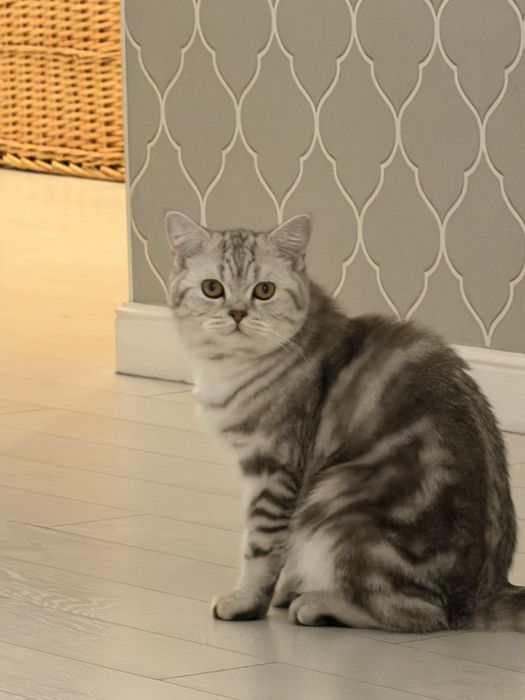Британский кот 10 месяцев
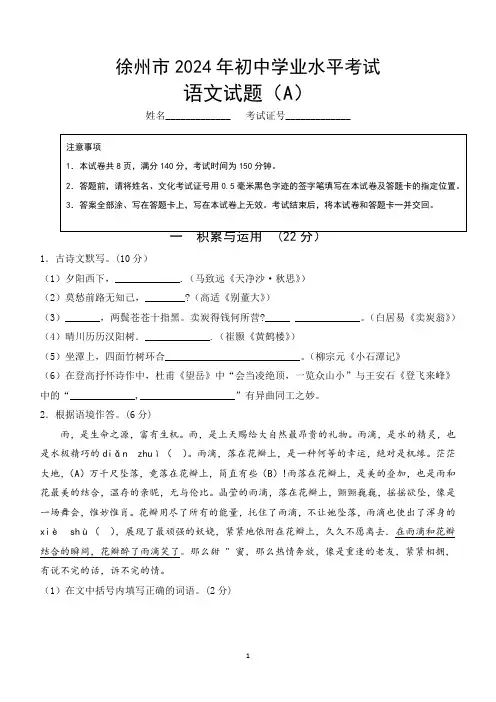 2024年江苏省徐州市中考模拟语文试题A卷(含答案)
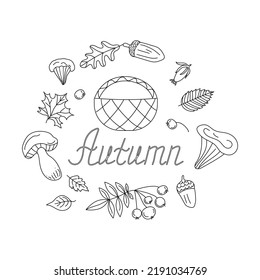 Set of vector icons in doodle style. Isolated design elements, basket, mushrooms, berries and leaves. Isolated background. 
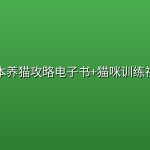 11本养猫攻略电子书+猫咪训练视频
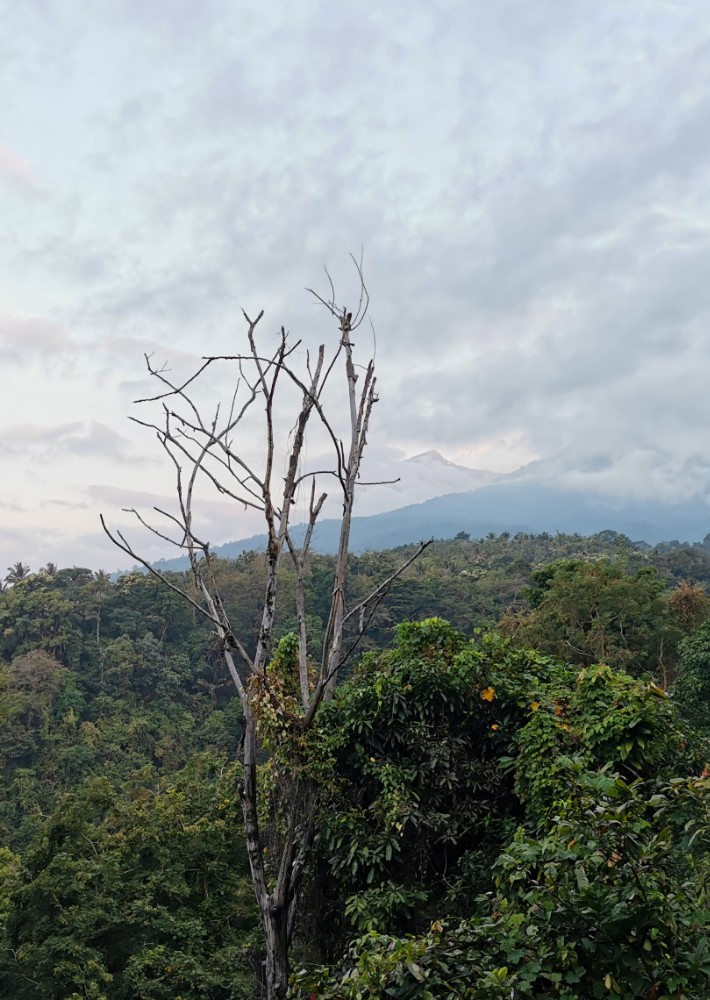 Kurz sieht man sogar den Gipfel des Rinjani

* * *

> _To do_:
Leave out every picture, and write out exactly the lines from the one with "2024年江苏省徐州市中考模拟语文试题A卷(含答案)" through the end of the records above, both ends included.

> _Expected answer_:
 2024年江苏省徐州市中考模拟语文试题A卷(含答案)
 Set of vector icons in doodle style. Isolated design elements, basket, mushrooms, berries and leaves. Isolated background. 
 11本养猫攻略电子书+猫咪训练视频
 Kurz sieht man sogar den Gipfel des Rinjani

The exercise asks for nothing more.